Ülkelerin iki seçeneği olacaktır: küresel asgari vergiye uymak için yerel kurallarını değiştirebilirler veya kurallarını değiştirmezlerse, diğer ülkeler çok uluslu şirketlerini vergilendirerek %15’e kadar çıkarabilirler.
OECD Bunu Neden Yapıyor?
Uluslararası vergi oyun alanını eşitlemek istiyor ki; bu, OECD’nin 2013 yılında başlattığı ve çok uluslu şirketlerin uluslararası vergi sistemi ile oynamasını durdurmak için başlattığı Matrah Aşındırma ve Kâr Transferi (Base Erosion and Profit Shifting-BEPS[4]) projesinin en son yinelemesidir.

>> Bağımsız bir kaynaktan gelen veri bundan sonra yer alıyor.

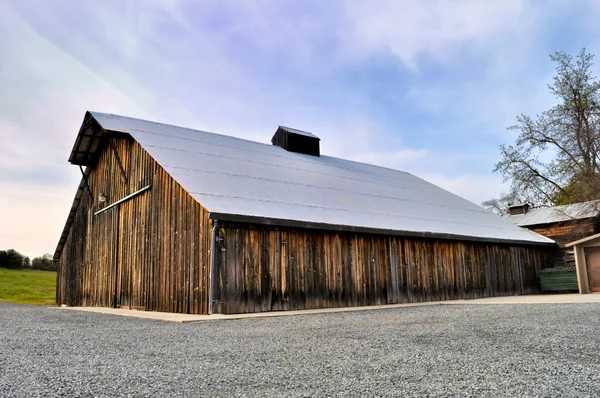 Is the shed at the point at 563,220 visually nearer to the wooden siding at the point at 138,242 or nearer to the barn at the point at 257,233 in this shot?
the barn at the point at 257,233

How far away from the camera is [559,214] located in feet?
81.4

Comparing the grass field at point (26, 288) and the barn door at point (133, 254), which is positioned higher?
the barn door at point (133, 254)

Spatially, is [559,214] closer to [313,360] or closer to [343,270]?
[343,270]

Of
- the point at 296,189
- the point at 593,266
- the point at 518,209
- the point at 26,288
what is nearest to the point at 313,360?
the point at 296,189

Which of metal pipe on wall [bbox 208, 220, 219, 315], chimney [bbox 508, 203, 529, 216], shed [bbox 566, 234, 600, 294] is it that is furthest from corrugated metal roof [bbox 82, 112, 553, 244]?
chimney [bbox 508, 203, 529, 216]

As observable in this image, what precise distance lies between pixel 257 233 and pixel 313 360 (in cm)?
662

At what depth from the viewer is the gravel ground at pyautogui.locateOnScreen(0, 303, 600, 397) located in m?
3.12

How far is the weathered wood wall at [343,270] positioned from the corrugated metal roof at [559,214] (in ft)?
30.2

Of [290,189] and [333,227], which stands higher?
[290,189]

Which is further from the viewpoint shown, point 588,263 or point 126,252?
point 588,263

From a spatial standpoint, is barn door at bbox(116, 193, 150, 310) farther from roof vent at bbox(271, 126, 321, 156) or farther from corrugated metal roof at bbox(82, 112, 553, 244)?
roof vent at bbox(271, 126, 321, 156)

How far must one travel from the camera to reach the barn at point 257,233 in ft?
34.4

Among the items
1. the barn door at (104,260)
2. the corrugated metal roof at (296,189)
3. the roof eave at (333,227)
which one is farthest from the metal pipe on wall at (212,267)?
the barn door at (104,260)

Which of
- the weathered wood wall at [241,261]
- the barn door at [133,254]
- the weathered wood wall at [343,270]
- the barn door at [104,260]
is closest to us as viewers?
the weathered wood wall at [343,270]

Matrah Aşındırma ve Kâr Transferinin (BEPS) bir sonucu olarak, düzinelerce ülke [Amerika Birleşik Devletleri (ABD) dâhil] çok uluslu şirketlere ilişkin kuralları sıkılaştırmıştır. Ancak OECD, bu kuralların yeterince ileri gitmediğine inanmaktadır.
Ancak mevcut yaklaşım, iki nedenden dolayı oyun alanını eşitlemez.
- Birincisi, kurallar önceden var olan bazı politikaları diğerlerine göre ayrıcalıklı kılar. İade edilebilir vergi kredilerini[5], yalnızca bir şirketin vergiye tabi geliri varsa kullanılabilen vergi kredilerinden çok daha olumlu ele alırlar. Birçok ABD vergi kredisi ikinci kategoriye girdiği için, ABD sistemini kurallara göre uyarlamak 100 milyar (ABD) dolardan fazlaya mal olacaktır.
- İkincisi, ülkelerin işletmelere yardım etmek zorunda olduğu bir aracı (vergiler) ortadan kaldırmak, başka araçların (sübvansiyonlar) olmadığı anlamına gelmez. İşletmelerini desteklemek için daha fazla harcama yapabilen ülkeler, bunu yapamayan ülkelere karşı bir adım önde olacaktır.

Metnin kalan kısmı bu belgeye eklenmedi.